The data:
========================================================================

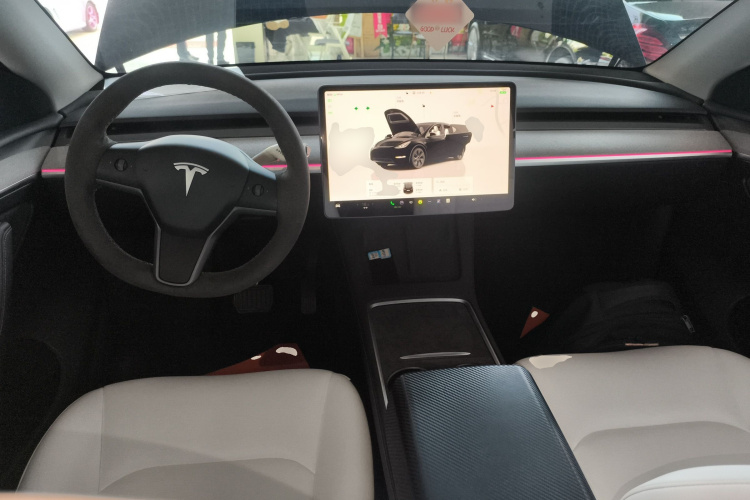 Tesla Model Y 2024 #10 Tesla Model Y 2024 car image #10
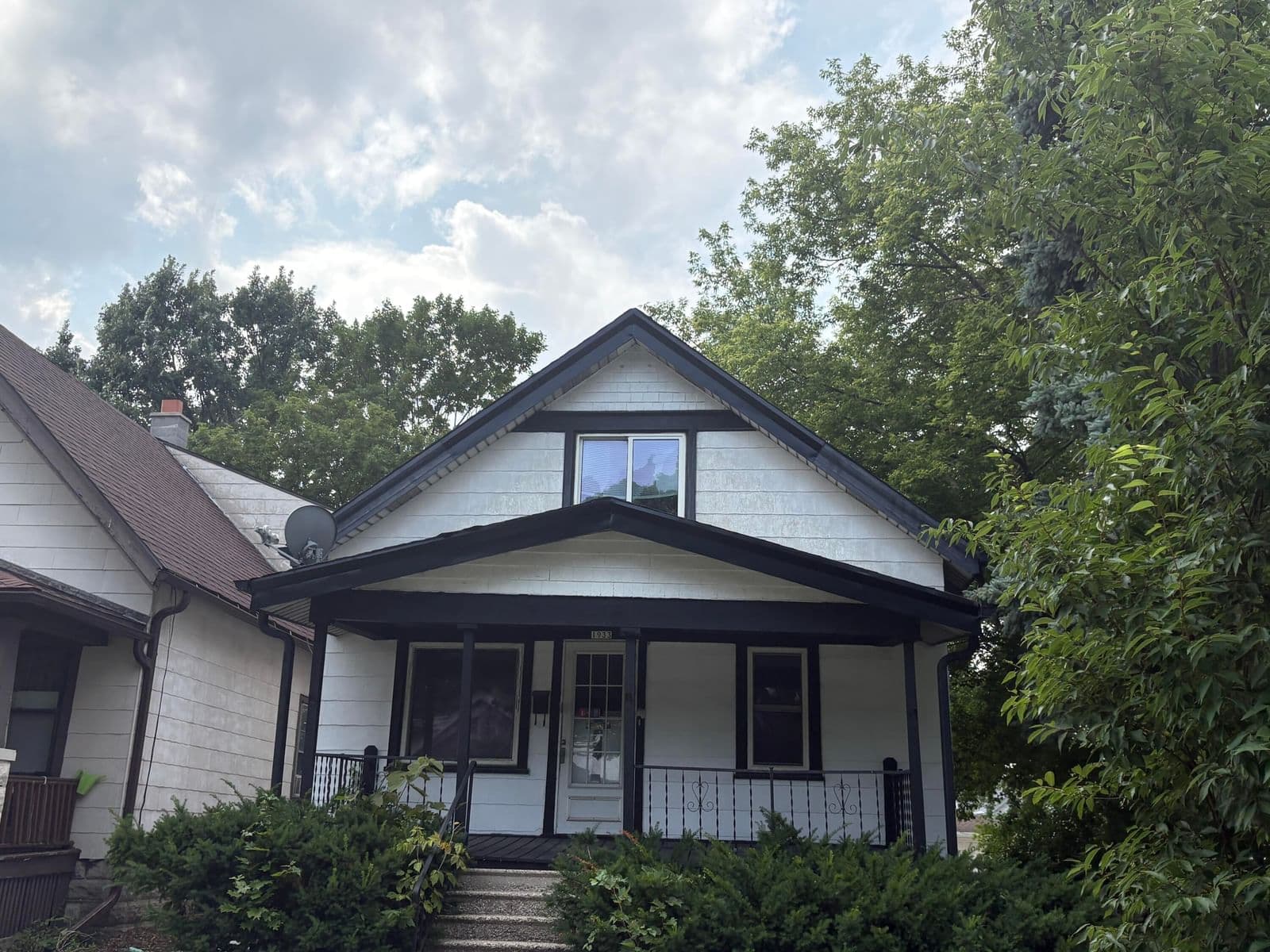 1933 68th, West Allis, WI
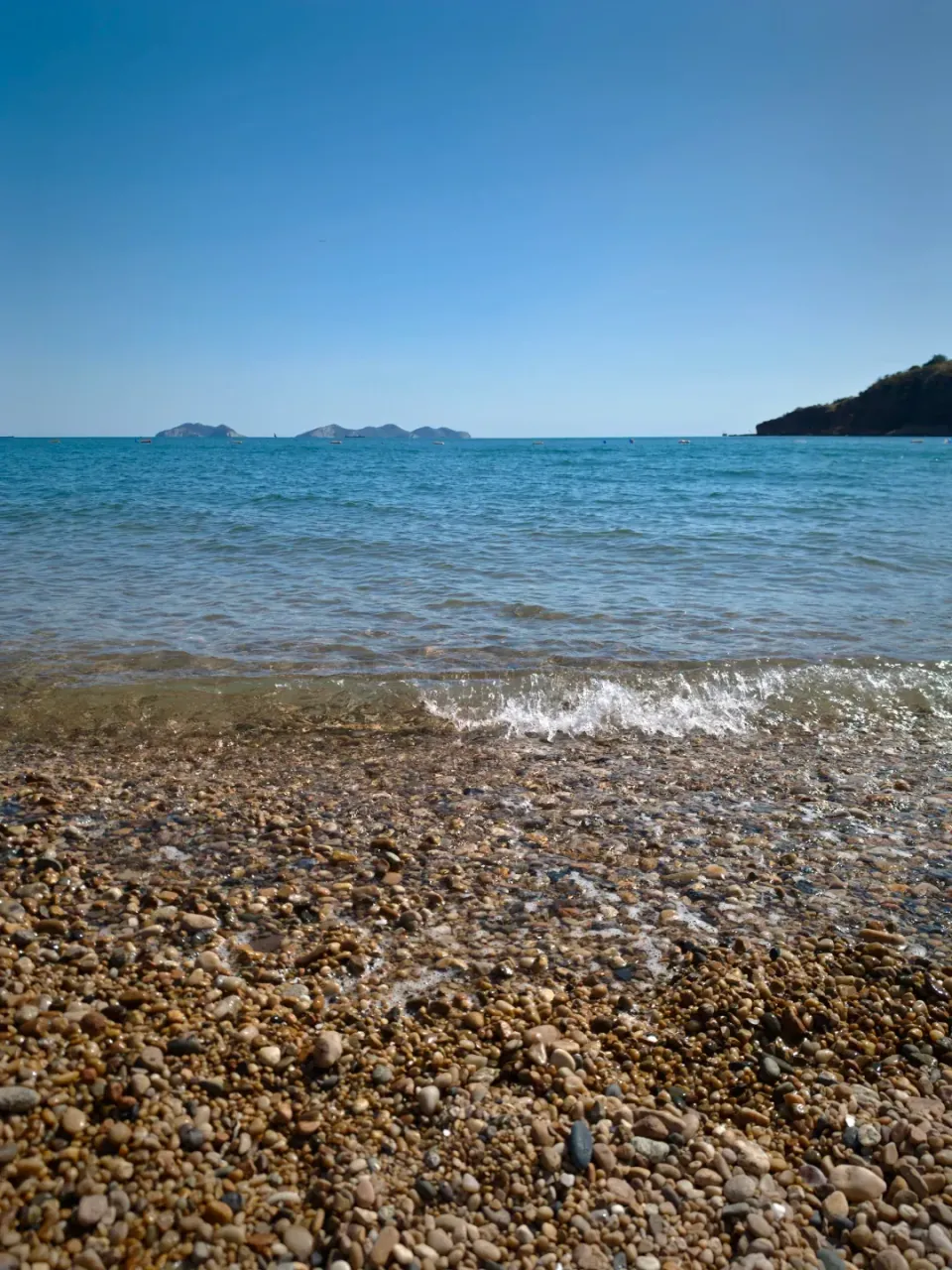 Clear waves washing over the pebbles at Bangchuidao Beach.
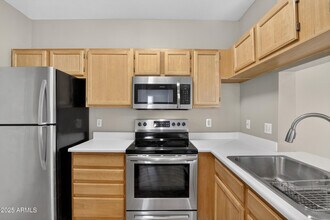 5401 E Van Buren St in Phoenix, AZ - Building Photo - Building Photo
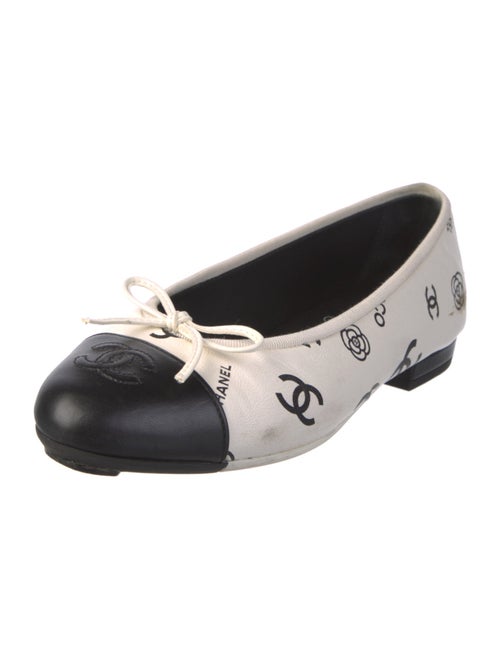 Chanel 2023 Interlocking CC Logo Ballet Flats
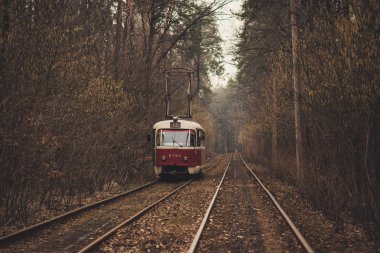 Klasik kırmızı tramvay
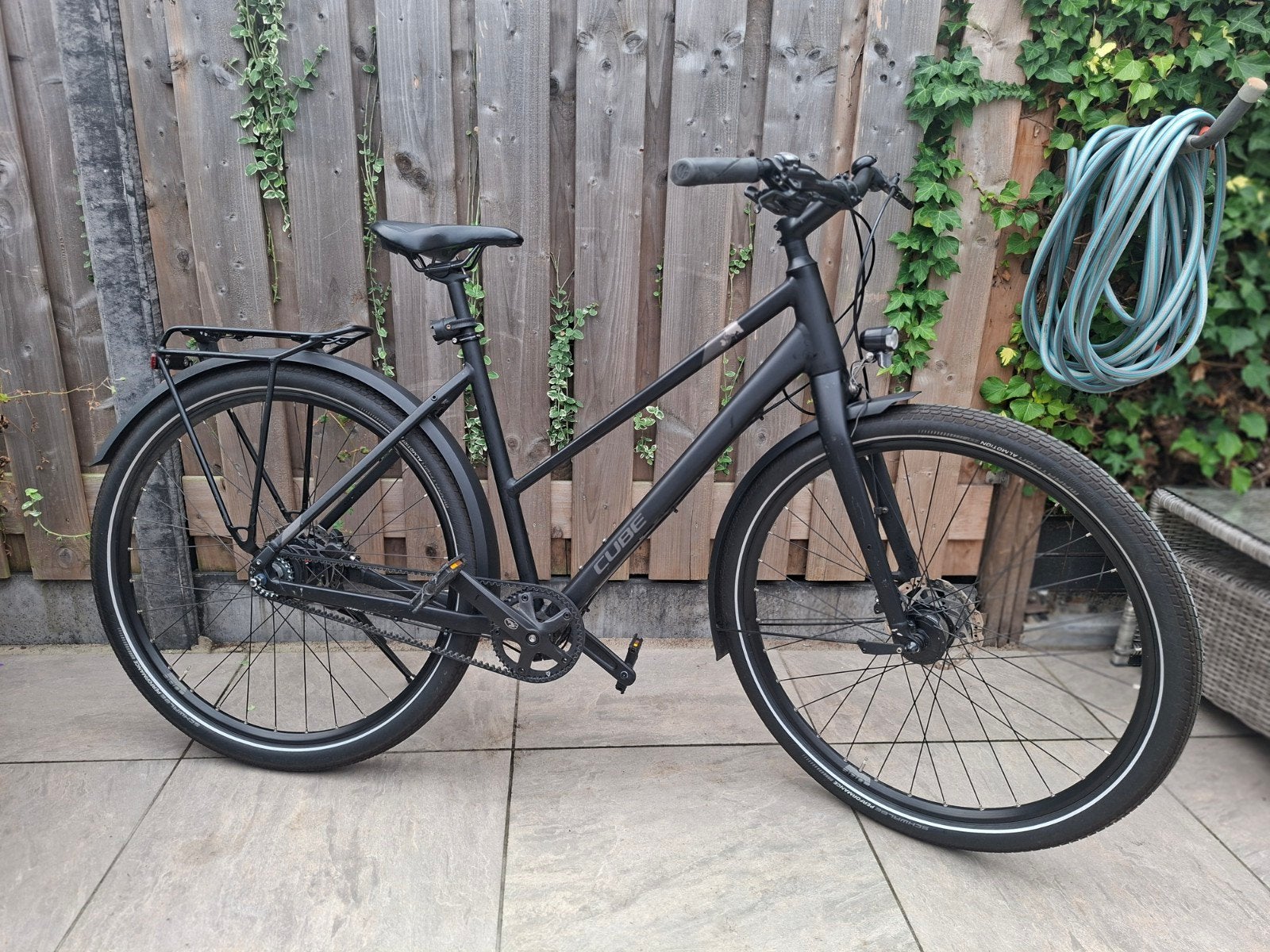 Cube Travel Pro Dames Trekkingfiets shimano Nexus CDN riem, Minder dan 10 versnellingen, 53 tot 56 cm, Schijfrem, Ophalen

========================================================================

Task instructions: Please output the material above unchanged, apart from removing the pictures.

Written response:
 Tesla Model Y 2024 #10 Tesla Model Y 2024 car image #10
 1933 68th, West Allis, WI
 Clear waves washing over the pebbles at Bangchuidao Beach.
 5401 E Van Buren St in Phoenix, AZ - Building Photo - Building Photo
 Chanel 2023 Interlocking CC Logo Ballet Flats
 Klasik kırmızı tramvay
 Cube Travel Pro Dames Trekkingfiets shimano Nexus CDN riem, Minder dan 10 versnellingen, 53 tot 56 cm, Schijfrem, Ophalen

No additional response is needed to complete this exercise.